Dari pemaparan barusan, dapat kita simpulkan bahwa membaca al-Qur’an dengan diulang-ulang bacaannya memiliki sandaran dalam Islam dan tidak mengurangi keagungan al-Qur’an itu sendiri.
Ketiga, tentang pengulangan pada ayat-ayat pada surah Yasin. Sayid Muhammad bin Alwi al-Maliki dalam kitab Abwabul-Faraj (hal. 100-101) menjelaskan,
وَمِنَ الْكَيْفِيَّاتِ الْمُجَرَّبَةِ عَنِ الصَّالِحِيْنَ فِيْ قِرَائَتِهَا اَنْ يُكَرِّرَ لَفْظَةَ يس سَبْعَ مَرَّاتٍ وَاِذَا بَلَغَ فِي الْقِرَاءَةِ اِلَى قَوْلِهِ (وَالشَّمْسُ تَجْرِيْ لِمُسْتَقَرٍّ لَّهَا ۗذٰلِكَ تَقْدِيْرُ الْعَزِيْزِ الْعَلِيْمِۗ ٣٨ ) يُكَرِّرُهَا اَرْبَعَ عَشَرَ مَرَّةً, وَاِذَا بَلَغَ قَوْلَهُ (سَلٰمٌۗ قَوْلًا مِّنْ رَّبٍّ رَّحِيْمٍ ٥٨ ) يُكَرِّرُهَا سِتَّ عَشَرَ مَرَّةً, وَاِذَا بَلَغَ قَوْلَهُ (اَوَلَيْسَ الَّذِيْ خَلَقَ السَّمٰوٰتِ وَالْاَرْضَ بِقٰدِرٍ عَلٰٓى اَنْ يَّخْلُقَ مِثْلَهُمْ ۗبَلٰى ) يُكَرِّرُهَا اَرْبَعَ مَرَّاتٍ, ثُمَّ يَقْرَأُ اِلَى اَخِرِهَا فَبَلَغَ الْمَجْمُوْعُ اِحْدَى وَاَرْبَعِيْنَ, وَمَنْ قَرَأَ السُّوْرَةَ عَلَى هَذَا التَّرْتِيْبِ سَبْعَ مَرَّاتٍ يَحْصُلُ مُرَادُهُ وَمَقْصُوْدُهُ بِإِذْنِ اللهِ
Artinya. “Di antara cara mujarab dalam membaca surah Yasin yang diajarkan oleh para orang shalih adalah;
- Mengulang membaca lafad “Yasin” sebanyak tujuh kali.
- Membaca ayat ke-38 (وَالشَّمْسُ تَجْرِيْ لِمُسْتَقَرٍّ لَّهَا ۗذٰلِكَ تَقْدِيْرُ الْعَزِيْزِ الْعَلِيْمِۗ ٣٨ ) empat belas kali.
- Ketika sampai pada ayat ke-58 (سَلٰمٌۗ قَوْلًا مِّنْ رَّبٍّ رَّحِيْمٍ ٥٨ ) maka ulangi enam belas kali.
- Saat mendaras ayat ke-81 (اَوَلَيْسَ الَّذِيْ خَلَقَ السَّمٰوٰتِ وَالْاَرْضَ بِقٰدِرٍ عَلٰٓى اَنْ يَّخْلُقَ مِثْلَهُمْ ۗبَلٰى ) maka baca sebanyak empat kali.
- Baca hingga selesai dan ulangi tata cara ini sebanyak tujuh kali.
Barang siapa yang melaksanakan bacaan model ini maka semua keinginan dan maksudnya akan tercapai.
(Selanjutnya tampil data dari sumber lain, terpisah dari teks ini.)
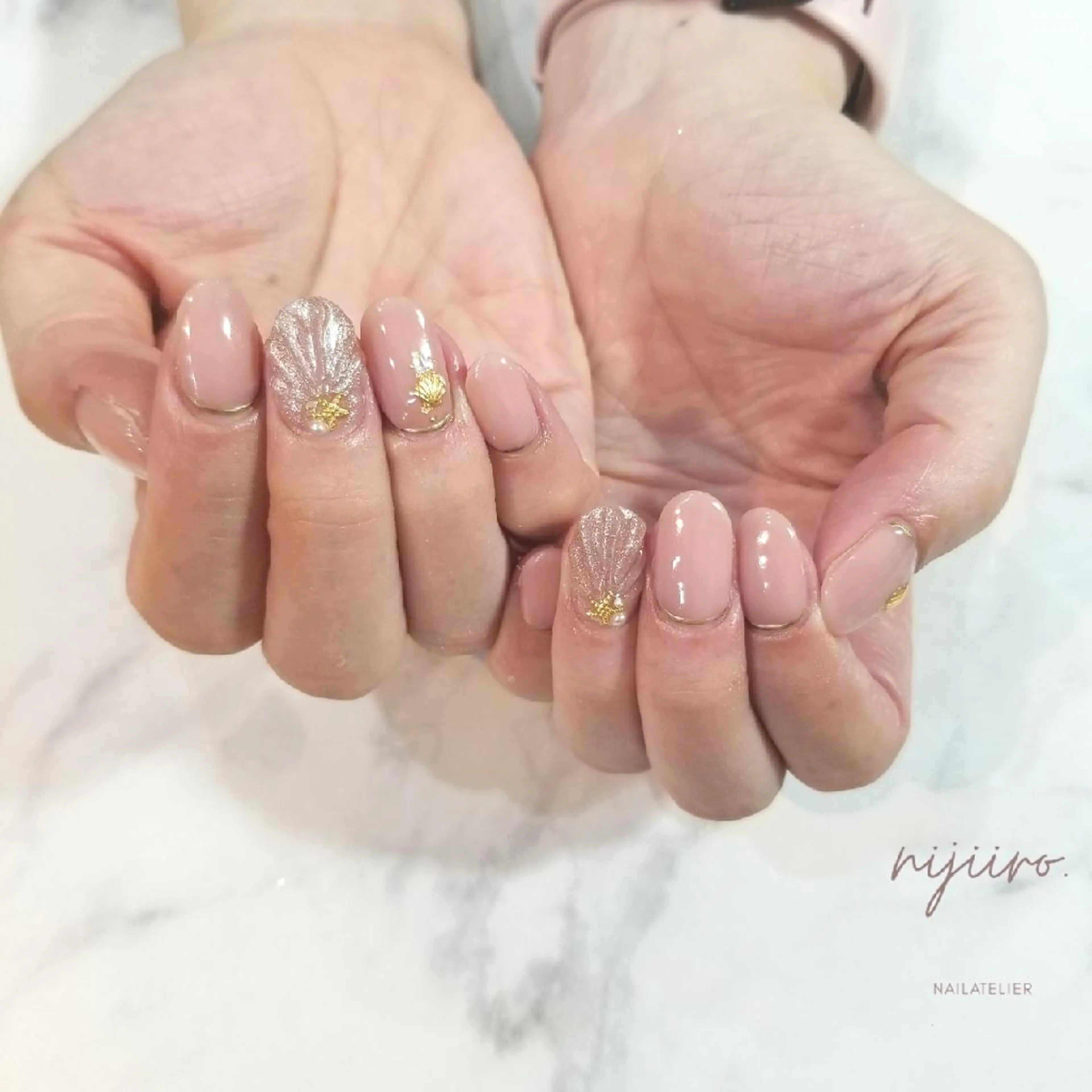 ネイル ハンドネイル nailatelier nijiiro.所属・nijiiro🌈 サトウのネイルデザイン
Insyaallah.”
Setelah kita tahu tentang pengulangan ayat, selanjutnya hal yang perlu diketahui adalah tentang hukum berdoa di tengah-tengah mengaji al-Qur’an. Mengenai hal ini, Imam an-Nawawi dalam at-Tibyan fi Adabi Hamalatil-Qur’an (Hal. 91),
[فصل] وَيُسْتَحَبُّ إِذَا مَرَّ بِآيَةِ رَحْمَةٍ أَنْ يَسْأَلَ اللهَ تَعَالَى مِنْ فَضْلِهِ وَإِذَا مَرَّ بِآيَةِ عَذَابٍ أَنْ يَسْتَعِيْذَ بِاللهِ مِنَ الشَّرِّ وَمِنَ الْعَذَابِ أَوْ يَقُوْلَ اللهم إِنِّي أَسْأَلُكَ الْعَافِيَةَ أَوْ أَسْأَلُكَ الْمُعَافَاةَ مِنْ كُلِّ مَكْرُوْهٍ أَوْ نَحْوَ ذَلِكَ
Artinya, “Disunahkan berdoa memohon karunia Allah ketika mendaras al-Qur’an dan sampai pada ayat rahmat. Pula, ketika sampai pada ayat azab hendaknya memohon perlindungan kepada Allah dari kejelekan dan azab, atau berdoa, ‘Ya Allah, sesungguhnya aku memohon pengampunan dan keselamatan dari hal-hal tidak baik.’ Atau doa-doa sesamanya.”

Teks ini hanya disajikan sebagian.